Traffic data analyzed by UT’s Community Health Research Group show that most automobile crash injuries to Tennessee teens occur in May.

The latest statistics show 1,279 teen crashes with injuries in May 1997–the most of any month that year. May also had the most teen injuries in 1993, 1995, and 1996, and was second in 1994.

Dr. Sandra Putnam, director of the UT group, said May 1997 also had the year’s highest total number of teen accidents (3,974), most teen crashes with property damage (2,670), and teen fatalities (25).

Dr. Steve Richards, director of UT’s Transportation Research Center, said crashes and injuries to all age groups often rise in May as the summer vacation travel season begins.

Richards said the jump is highest for teenagers because May events such as summer break, prom, and graduation can distract teen drivers or contribute to increased alcohol and drug use.

Lack of seatbelt usage is another factor, he said.

“Teenagers have the lowest seatbelt usage of any age group,” Richards said. “That combines with other factors in May to increase their risk of injury.”

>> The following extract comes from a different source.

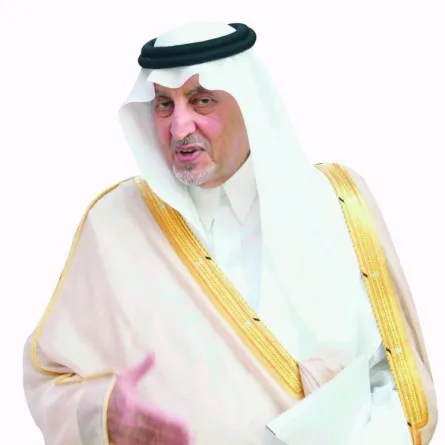 بيع 7 لوحات فنية لخالد الفيصل في مزاد خيري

Richards said the Tennessee Traffic Safety Resources program at UT coordinates efforts such as Prom Promise, which helps local students, parents and schools work together to improve teen traffic safety.

According to the National Highway Traffic Safety Administration, more than a third of all 16-to-20 year-old deaths result from motor vehicle crashes, and 37 percent of those deaths are alcohol-related. The NHTSA estimates 2,104 persons aged 16-20 died in alcohol-related crashes in 1998.